Gabriel recuerda cómo le compró «por 20 duros de los antiguos» a unos albañiles unas aceiteras de época romana que habían salido de unas obras de alcantarillado. Y así todo. El pilón de agua lo adquirió en Lucena, donde hacía las funciones de abrevadero de las bestias.

La casa la recuerdan algunos de los hijos de esos últimos vecinos que moraron en este rincón de San Juan de Palomares y pasan cada año para rememorar cómo transcurrió allí su niñez.

Mientras, las abuelas más longevas hablan de que se decía que en las habitaciones había fantasmas, que no eran otra cosa que los frailes novicios asomando por los respiraderos del tejado para poder ver a las muchachas.

Otros recuerdan que aquí, en esta casa de los intramuros de la muralla que colindaba con el huerto de los frailes trinitarios, se escondía un tesoro.

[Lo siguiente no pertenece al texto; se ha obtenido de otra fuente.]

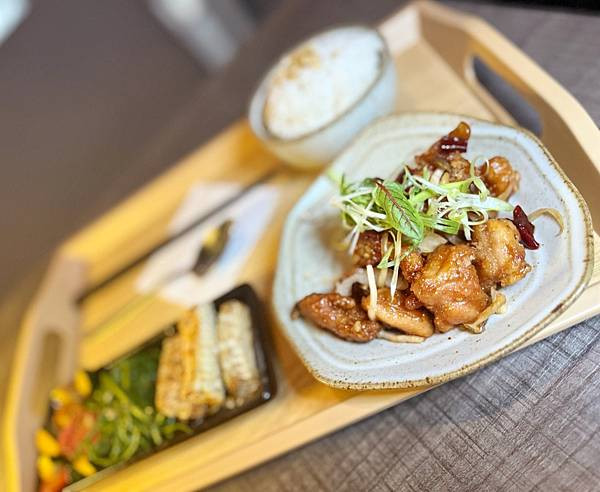 大安區美食「東區聚餐推薦」Cheers&Co.咖啡餐酒館，從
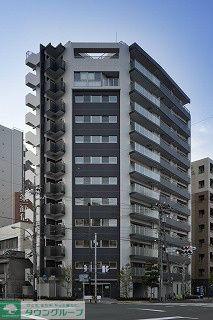 レシオ イシワラ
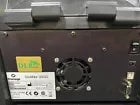 Promega GloMax 20/20 Luminometer E5331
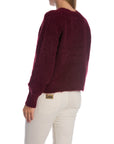 KOFTA SOFT GOLD BUTTON BORDEAUX_111881.jpg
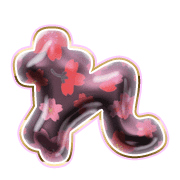 042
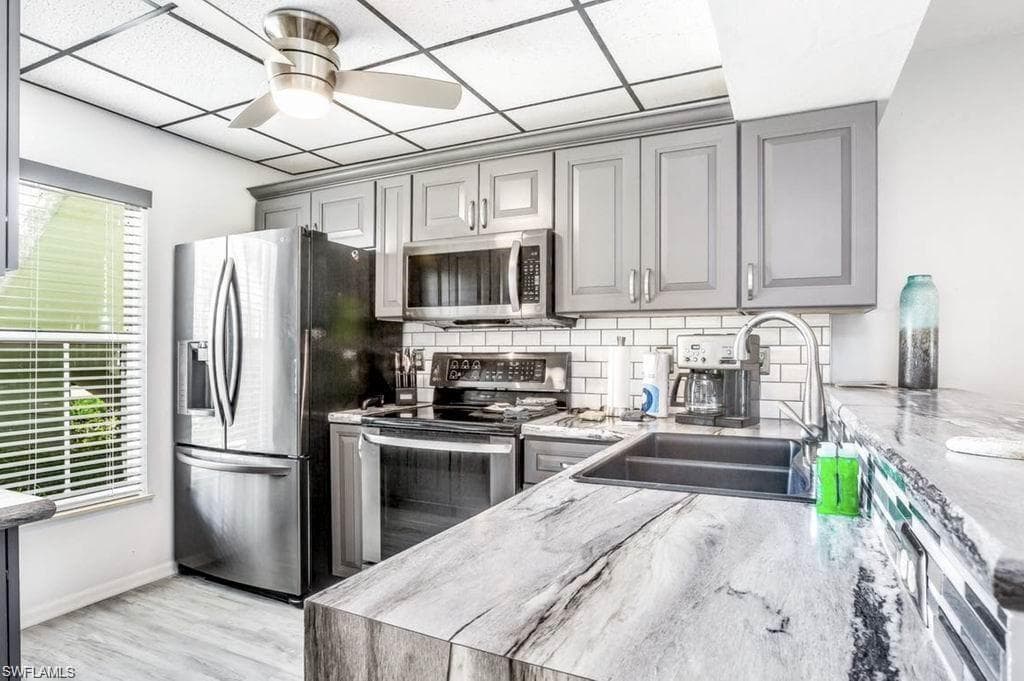 651 W Elkcam CIR # 815, MARCO ISLAND FL 34145-10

Pero de eso, poco más se sabe. Ahora queda del ayer el ambiente de este patio, lleno de sombras y sonidos del agua; un paraíso para plantas como helechos y y surfirinas, pasando por geranios y gitanillas que se entremezclan con el encalado de las paredes.

Esta casa lleva ocho años participando en el Concurso de Patios, aunque siempre lo ha hecho inscrito como reformado. Sin embargo, ha sido capaz de conservar su sabor, desde su viejo portón restaurado a base de decapantes y lija en los remaches, a las rejas y al azul oscuro de las ventanas. Ahora, aquí vive la familia de Gabriel García: su mujer y sus dos hijos, que muestran al mundo un patio del que se sienten orgullosos y cuyo pasado recuerdan como parte de su presente. Las colas en la puerta están más que aseguradas.